In London dürfen Airbnb-Vermieter nur 90, in Amsterdam nur 60 Tage im Jahr vermieten. Was wünschen Sie sich für Wien?

Der Punkt ist ein anderer und er betrifft nicht nur Wien: Es ist für immer mehr Leute attraktiver, ihre Zweitwohnungen über Airbnb zu vermieten, als einen Dauermieter zu nehmen. Die Vorschläge vom Kanzler zum Mietrecht sind da nicht hilfreich.

Der Vorschlag, Befristungen zu erschweren?

Genau. Denn dann werden sich viele überlegen, ob sie überhaupt noch vermieten. Wir haben jetzt schon Tausende Wohnungen in Wien, die leer stehen und ausschließlich der Vermögensbindung dienen. Leerstände führen zu einem knappen Wohnungsangebot, höheren Mieten. Das muss der Kanzler auch wissen. In einem Punkt hat er recht: Die Politik hat das Vertrauen verspielt.

Zuletzt haben die Touristiker einen Korb bekommen, als sie den Koch auf die Liste der Mangelberufe heben wollten. Muss vielleicht doch der Beruf an sich attraktiver werden?

Ich würde mir wünschen, dass die Pauschalverunglimpfung durch die Gewerkschaft aufhört. Ja, wir haben schwarze Schafe, aber viel mehr gute Betriebe.

Sollte die Gewerkschaft denn wegschauen?

Sie soll schwarze Schafe der Wirtschaftskammer melden, die dann prüfen soll. Gibt es Probleme, sollte den Betrieben die Lehrlingsbewilligung entzogen werden. Das wäre eine moderne Sozialpartnerschaft, die sich mit modernen Fragen beschäftigt, und nicht der alte Klassenkampf wie anno 1930.

Klingt auch klassenkämpferisch. Und mit der Wirtschaftskammer sind Sie zufrieden?

(lacht) Wäre ich ein Hufschmied, wäre ich mit der Novelle der Gewerbeordnung hochzufrieden. Wir leben in einer Zeit, in der uns Uber und Airbnb um die Ohren fliegen und reden über Hufschmiede. Unglaublich! Ich bin Hotelier, hätte mir für meine Kollegen in der Ferienhotellerie etwa gewünscht, dass sie nicht fünf, sechs Nebengewerbe anmelden müssen.

Welche Nebengewerbe?

Man braucht einen Gewerbeschein, wenn man den Gast vom Bahnhof abholt, einen anderen, wenn man ihn zum Skilift fährt, einen für Massagen, einen für Mietwagen, bald einen für Reisebüros, wenn man Urlaubspakete schnürt. Das ist nicht zeitgemäß.

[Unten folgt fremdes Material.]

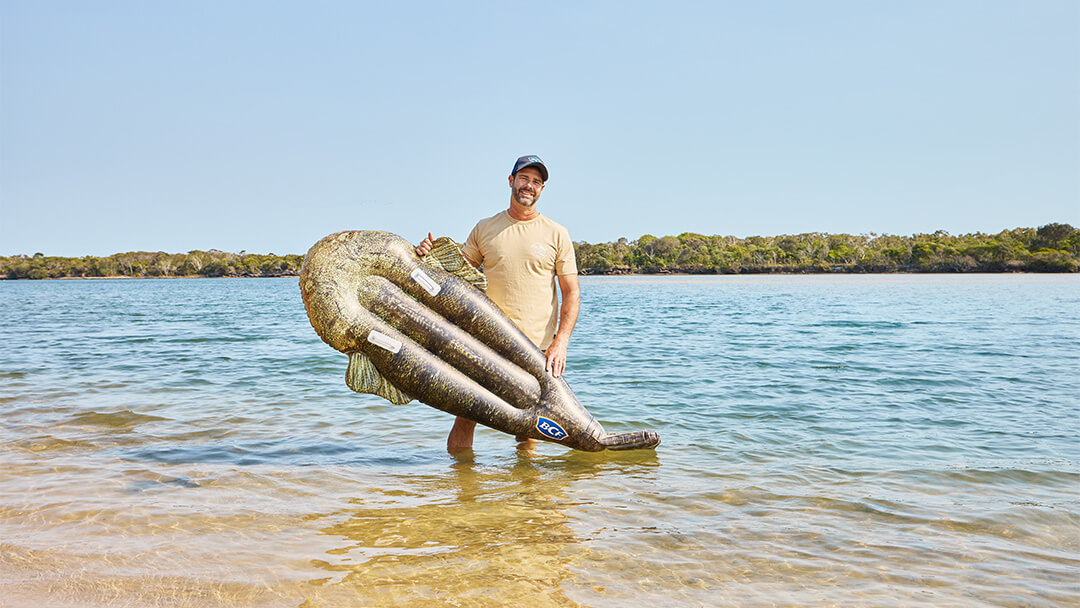 Man standing in water with inflatable flathead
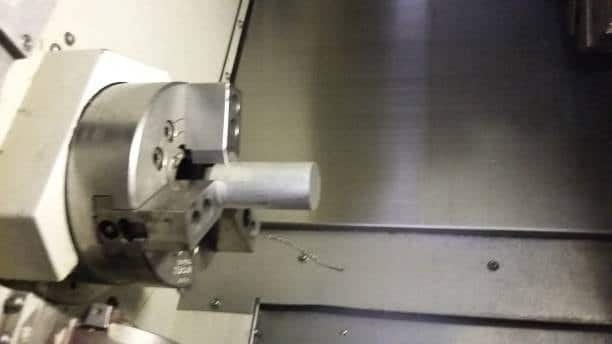 CNC chuck securely clamping cylindrical metal workpiece for turning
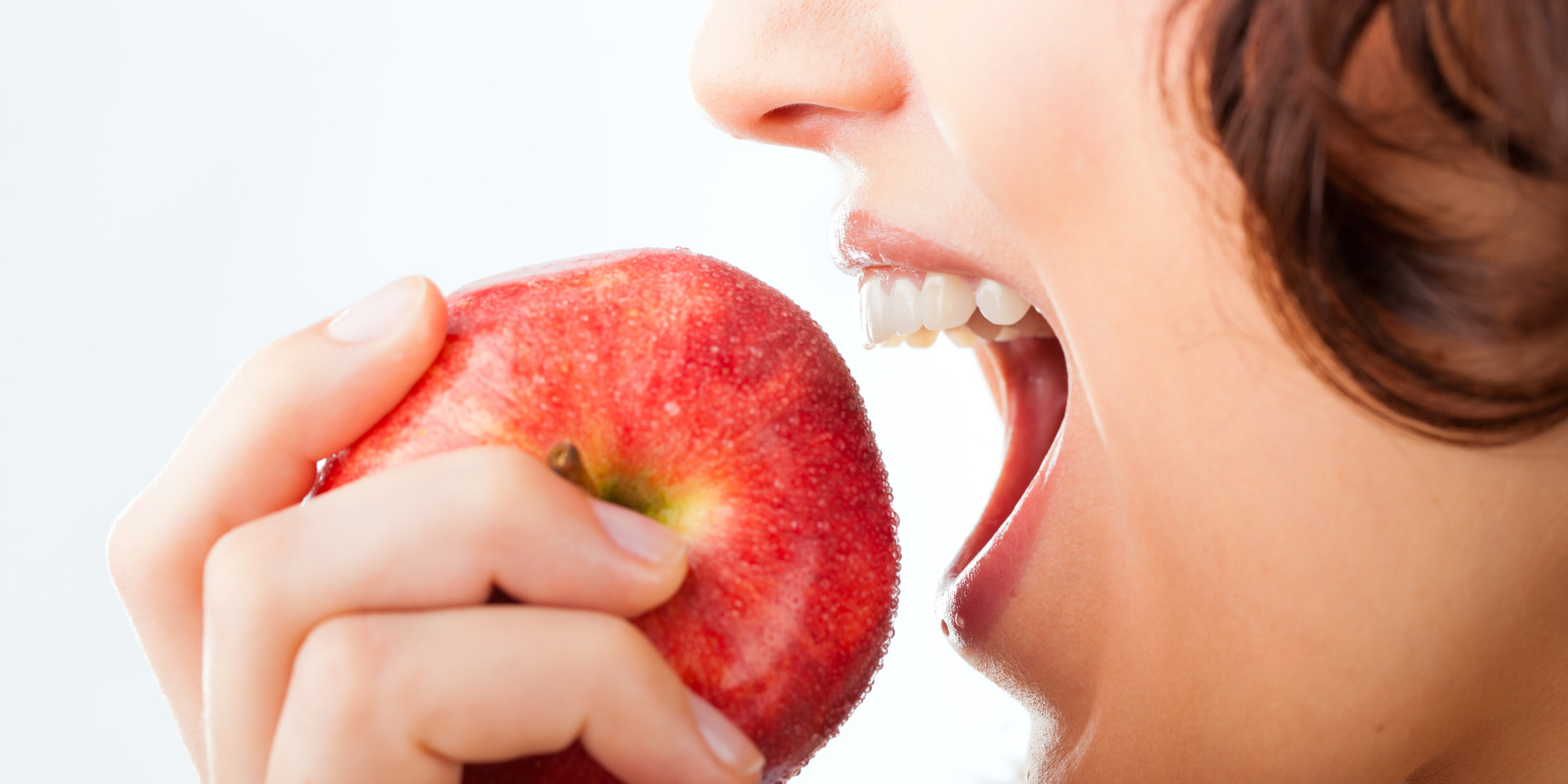 biting an apple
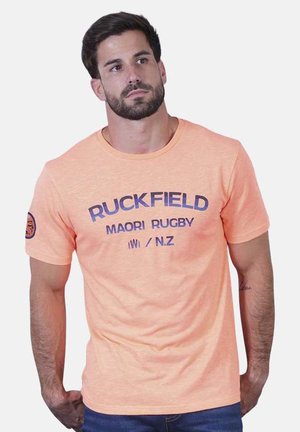 Homme aux cheveux courts et foncés et à la barbe, portant un t-shirt pêche avec le texte "RUCKFIELD MAORI RUGBY N.Z", debout les mains dans le dos.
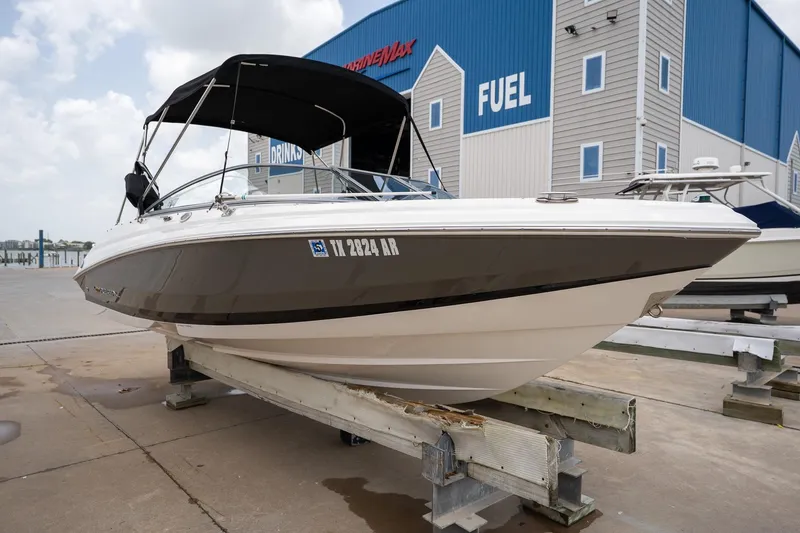 Slide: The Image of 2008 Regal 2000 Bowrider boat on dock, near blue fuel station building. - 8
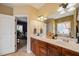 This bathroom features double sinks with stained cabinets and neutral-toned walls with an open view to the bedroom at 8437 Little Woody Ct, Zebulon, NC 27597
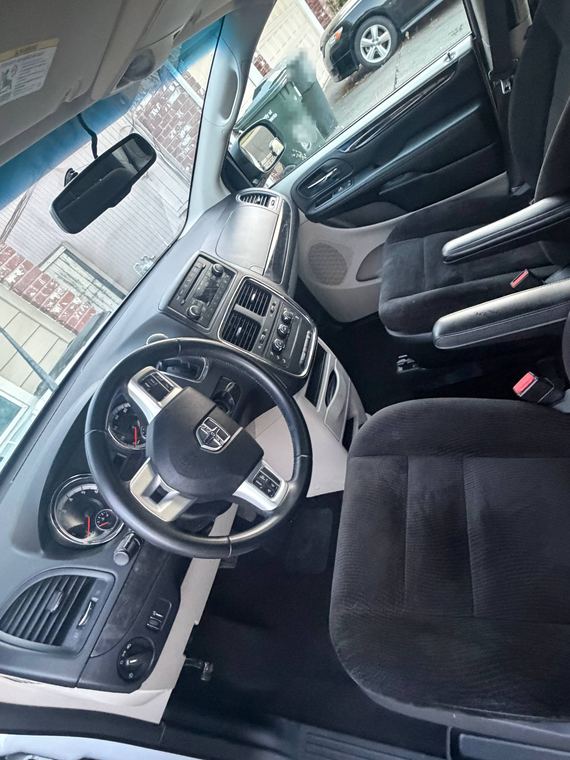 Front cabin of a minivan with dashboard and steering wheel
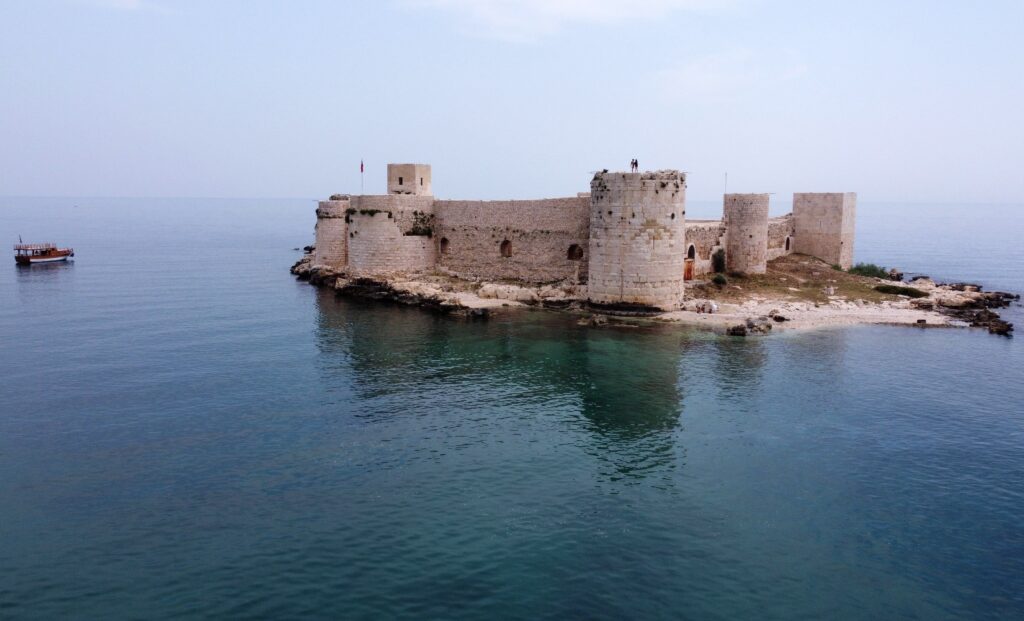 As temperatures rise, holidaymakers flock to tranquil Kızkalesi as the sea hits 23°C, Mersin, Türkiye. (IHA Photo)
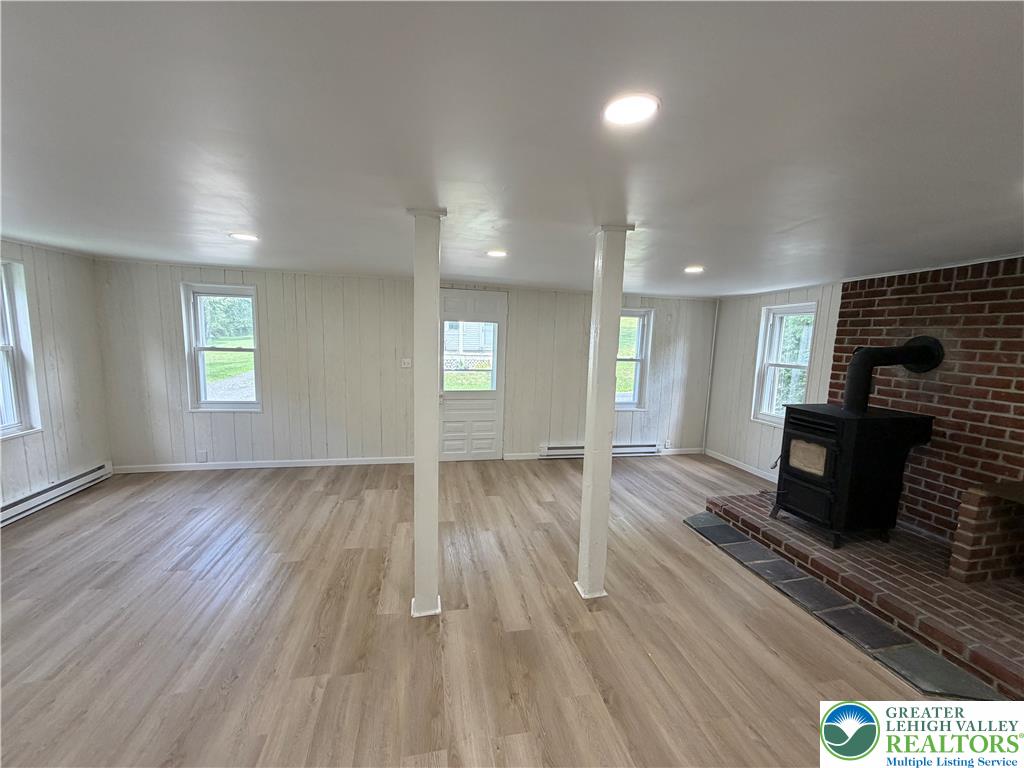 5720 Memorial Road Germansville, PA 18053 - Photo 8 of 29 A welcoming living space features light wood-look flooring and a classic brick fireplace.
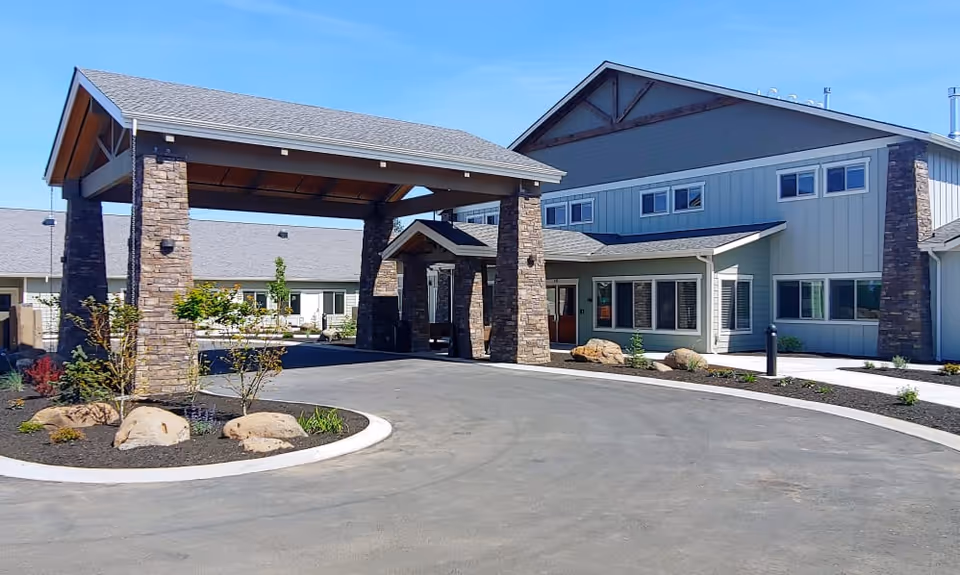 Exterior view of The Lodge In Sisters senior living facility showing a covered entrance with stone pillars, a driveway, and landscaped areas with small plants and rocks under a clear blue sky.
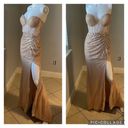 Cinderella Divine Women’s formal sparkly dress size 4
Brand is 
Rose gold color Photo 1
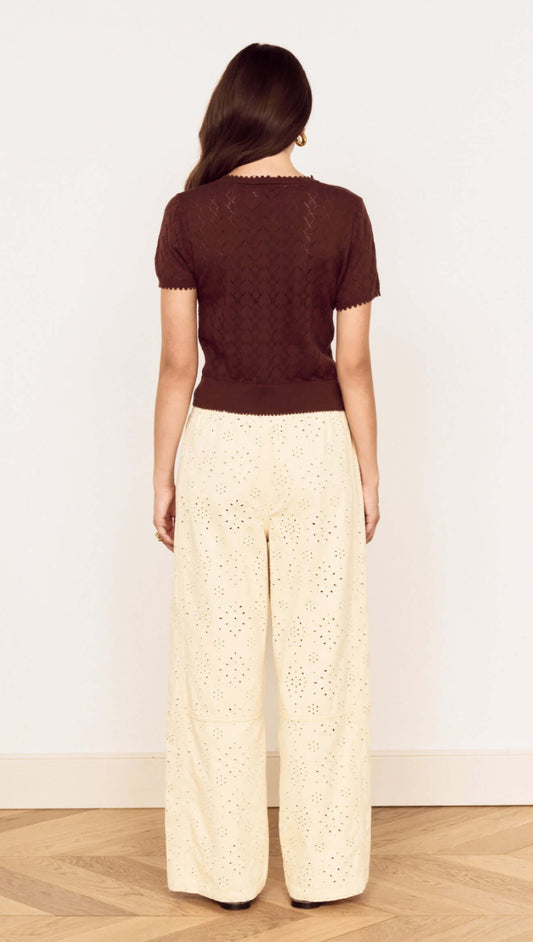 Back view of a model wearing a Brown Scallop Edge Knitted Tee with wide-leg eyelet trousers.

Wie stehen Sie zu Hotel-Crowdfunding-Projekten?

Ich halte Crowdfunding für ein gutes Marketingtool zur Stammkundenbindung. Der Gast zahlt zum Beispiel 1000 Euro zur Finanzierung einer neuen Wellnessanlage. Das sind Geschichten, die man gut erzählen kann. Als überlebenssichernde Rettung sehe ich Crowdfunding nicht. Es ist eine Verbindlichkeit wie jeder andere Kredit auch.

Michaela Reitterer

Die Wienerin leitete ihr Reisebüro Kuoni Hippesroither, bevor sie 2002 ihren Eltern das Hotel „Zur Stadthalle“ abkaufte, das sie zum weltweit ersten Stadthotel mit Null-Energie-Bilanz umbaute. Seit 2013 ist Reitterer Präsidentin der ÖHV.

ÖHV

Die Österreichische Hoteliervereinigung (ÖHV) vertritt rund 1350 Hotels, davon sind 70 Prozent in der 4- und 5-Stern-Kategorie sowie 73 Prozent aus der Ferienhotellerie. Von 15. bis 17. Jänner findet der ÖHV-Kongress in Bad Ischl statt.